Suriye’yi ve Suriye halkını anlamanın empati kurmaktan geçtiğini söyleyen Ekinci; sekiz yıl muhasara altında kalan Şam’ın Merkezinde bulunan Yermük Mahallesinin her gün mütemadiyen rejim tarafından bombalandığını ve bu mahallede yaklaşık dört yüz bin şehit verildiğini söyledi. Bunun yanında bombardımanlar sonucu yerle bir olan bu mahallenin yaşadığı sefaleti heyet olarak şahit olduklarını ifade etti. Bu mahallelerde yaşayan insanların Allah için gösterdikleri sabrın, direncin bizlere önemli dersler vermesi gerektiğinin altını çizdi. Bunun yanında gözlerimizin önünde sefalet içinde yaşayan bu insanlara gözlerimizi kapatamayacağımızı üzerimize düşen sorumlulukları yerine getirmemiz gerektiğini söyledi. Ekinci konuşmasına şu sözler ile devam etti. “Bizler anın çocuğu olmak zorundayız. Ortada bir yangın varsa biz onu söndürmek ile mükellefiz. Yangının sönmesini bekleyip ben söylemişim tavrından uzak durmalıyız. Her ay düzenli olarak onlara yardım etmek zorundayız. Onları yalnız bırakırsak biz yalnız kalırız bunu görev addetmek zorundayız.” dedi.

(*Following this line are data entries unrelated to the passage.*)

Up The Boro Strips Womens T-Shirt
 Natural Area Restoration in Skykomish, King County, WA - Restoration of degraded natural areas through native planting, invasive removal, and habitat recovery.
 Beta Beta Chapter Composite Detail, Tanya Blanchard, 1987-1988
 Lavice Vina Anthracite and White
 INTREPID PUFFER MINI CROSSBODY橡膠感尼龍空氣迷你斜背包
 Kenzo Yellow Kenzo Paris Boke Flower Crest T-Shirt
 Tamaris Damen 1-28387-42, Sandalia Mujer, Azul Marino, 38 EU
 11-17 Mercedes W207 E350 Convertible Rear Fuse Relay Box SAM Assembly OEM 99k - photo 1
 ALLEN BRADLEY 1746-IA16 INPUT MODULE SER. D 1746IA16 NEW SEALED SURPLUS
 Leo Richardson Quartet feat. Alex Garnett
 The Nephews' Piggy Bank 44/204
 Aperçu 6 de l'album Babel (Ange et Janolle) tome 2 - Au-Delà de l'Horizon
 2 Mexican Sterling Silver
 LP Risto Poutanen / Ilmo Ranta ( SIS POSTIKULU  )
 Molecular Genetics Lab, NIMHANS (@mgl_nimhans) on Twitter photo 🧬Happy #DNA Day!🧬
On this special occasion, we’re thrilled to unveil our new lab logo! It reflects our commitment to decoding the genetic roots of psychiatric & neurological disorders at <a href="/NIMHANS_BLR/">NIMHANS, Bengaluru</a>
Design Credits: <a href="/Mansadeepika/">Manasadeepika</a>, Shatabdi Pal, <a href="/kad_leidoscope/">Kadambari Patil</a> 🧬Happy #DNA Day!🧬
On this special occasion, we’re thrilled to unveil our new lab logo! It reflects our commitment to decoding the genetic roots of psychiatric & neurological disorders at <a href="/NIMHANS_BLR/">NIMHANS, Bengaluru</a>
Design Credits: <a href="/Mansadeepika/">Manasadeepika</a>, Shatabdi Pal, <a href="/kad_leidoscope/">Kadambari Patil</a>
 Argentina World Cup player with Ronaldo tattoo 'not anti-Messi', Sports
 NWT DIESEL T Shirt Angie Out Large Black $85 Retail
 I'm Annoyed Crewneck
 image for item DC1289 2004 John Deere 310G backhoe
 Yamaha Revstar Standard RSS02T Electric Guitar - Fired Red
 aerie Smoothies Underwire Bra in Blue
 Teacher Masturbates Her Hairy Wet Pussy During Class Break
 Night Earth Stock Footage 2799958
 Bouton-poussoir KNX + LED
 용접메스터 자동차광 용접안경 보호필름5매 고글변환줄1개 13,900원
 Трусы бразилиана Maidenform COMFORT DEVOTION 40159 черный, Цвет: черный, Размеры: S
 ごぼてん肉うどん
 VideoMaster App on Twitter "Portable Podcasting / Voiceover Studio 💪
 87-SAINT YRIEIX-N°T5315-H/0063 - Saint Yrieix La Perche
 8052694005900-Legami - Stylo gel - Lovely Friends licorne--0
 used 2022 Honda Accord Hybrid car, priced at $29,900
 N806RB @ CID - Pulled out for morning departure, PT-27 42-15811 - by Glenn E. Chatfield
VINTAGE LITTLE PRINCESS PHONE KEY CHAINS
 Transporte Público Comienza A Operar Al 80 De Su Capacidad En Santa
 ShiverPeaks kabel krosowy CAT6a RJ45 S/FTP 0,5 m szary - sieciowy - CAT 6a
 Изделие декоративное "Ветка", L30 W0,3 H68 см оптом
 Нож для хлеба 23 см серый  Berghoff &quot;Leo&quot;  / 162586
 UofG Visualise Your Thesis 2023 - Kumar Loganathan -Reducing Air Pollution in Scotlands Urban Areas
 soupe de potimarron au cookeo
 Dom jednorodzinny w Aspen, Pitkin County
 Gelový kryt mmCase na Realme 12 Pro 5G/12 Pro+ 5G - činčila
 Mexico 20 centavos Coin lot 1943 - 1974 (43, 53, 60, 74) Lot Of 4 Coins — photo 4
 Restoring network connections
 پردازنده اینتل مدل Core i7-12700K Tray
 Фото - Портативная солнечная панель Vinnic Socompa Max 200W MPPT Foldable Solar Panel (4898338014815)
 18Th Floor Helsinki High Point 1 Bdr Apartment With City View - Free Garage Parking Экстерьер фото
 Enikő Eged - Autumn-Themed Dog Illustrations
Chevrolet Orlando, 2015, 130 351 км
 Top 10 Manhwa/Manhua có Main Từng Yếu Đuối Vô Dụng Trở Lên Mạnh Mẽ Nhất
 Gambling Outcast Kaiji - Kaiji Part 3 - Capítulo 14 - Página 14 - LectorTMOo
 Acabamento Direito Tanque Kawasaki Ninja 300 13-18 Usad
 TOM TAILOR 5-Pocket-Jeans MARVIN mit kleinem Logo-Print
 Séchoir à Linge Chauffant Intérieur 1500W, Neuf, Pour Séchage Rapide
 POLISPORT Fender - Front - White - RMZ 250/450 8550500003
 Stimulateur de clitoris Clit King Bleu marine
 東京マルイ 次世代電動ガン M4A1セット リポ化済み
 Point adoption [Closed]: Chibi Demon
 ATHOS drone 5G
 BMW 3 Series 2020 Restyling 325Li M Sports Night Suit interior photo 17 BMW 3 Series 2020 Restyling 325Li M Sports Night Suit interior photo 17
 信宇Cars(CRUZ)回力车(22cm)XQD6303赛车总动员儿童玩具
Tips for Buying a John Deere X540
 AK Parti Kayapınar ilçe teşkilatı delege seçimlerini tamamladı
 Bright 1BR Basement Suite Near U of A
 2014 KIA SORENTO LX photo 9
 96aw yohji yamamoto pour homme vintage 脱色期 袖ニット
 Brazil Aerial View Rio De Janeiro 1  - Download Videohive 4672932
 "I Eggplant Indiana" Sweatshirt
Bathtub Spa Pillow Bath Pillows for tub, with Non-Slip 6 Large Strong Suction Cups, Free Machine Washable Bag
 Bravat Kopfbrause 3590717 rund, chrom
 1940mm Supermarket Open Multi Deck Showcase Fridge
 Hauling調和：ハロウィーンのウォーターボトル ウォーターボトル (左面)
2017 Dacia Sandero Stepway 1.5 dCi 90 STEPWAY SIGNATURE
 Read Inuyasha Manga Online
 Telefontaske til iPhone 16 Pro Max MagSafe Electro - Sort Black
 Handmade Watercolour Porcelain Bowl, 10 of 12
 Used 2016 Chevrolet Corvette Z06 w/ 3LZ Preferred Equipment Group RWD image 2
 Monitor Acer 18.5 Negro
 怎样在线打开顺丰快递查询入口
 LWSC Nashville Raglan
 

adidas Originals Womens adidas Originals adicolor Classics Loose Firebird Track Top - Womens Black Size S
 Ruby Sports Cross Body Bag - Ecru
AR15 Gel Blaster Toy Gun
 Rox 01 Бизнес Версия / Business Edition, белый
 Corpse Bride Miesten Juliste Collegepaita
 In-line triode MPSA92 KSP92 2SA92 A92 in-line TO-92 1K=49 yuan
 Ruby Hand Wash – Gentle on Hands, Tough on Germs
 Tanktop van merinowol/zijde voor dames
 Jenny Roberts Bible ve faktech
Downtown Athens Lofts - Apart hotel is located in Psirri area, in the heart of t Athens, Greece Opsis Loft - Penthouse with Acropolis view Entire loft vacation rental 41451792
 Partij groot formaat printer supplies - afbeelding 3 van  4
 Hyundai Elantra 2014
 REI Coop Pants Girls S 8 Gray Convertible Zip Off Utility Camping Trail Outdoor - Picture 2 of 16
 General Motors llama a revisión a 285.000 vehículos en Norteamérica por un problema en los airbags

Son olarak Hasip Özel’e söz aldı. Hasip Özel; 1993 yılında Arapça eğitimi için Suriye’ye gittiğini, 1999 yılında ilahiyat ve Eczacılık bölümlerini Suriye’de bitirdikten sonra Türkiye’ye dönmek için hazırlanırken belirsiz bir nedenden dolayı tutuklandığını ve on yıl boyunca Suriye zindanlarında kaldıktan sonra Ak Parti hükümetinin girişimleri ile serbest bırakıldığını ve Türkiye’ye döndüğünü belirtti. Konunun canlı şahidi olarak Suriye zindanlarında kendisinin ve diğer mahkumların yaşadıkları, akıllara durgunluk veren zulümleri anlatarak, yeni dönem için hayır duaları ederek sözlerini tamamladı.
Program soru-cevap bölümünden sonra sona erdi.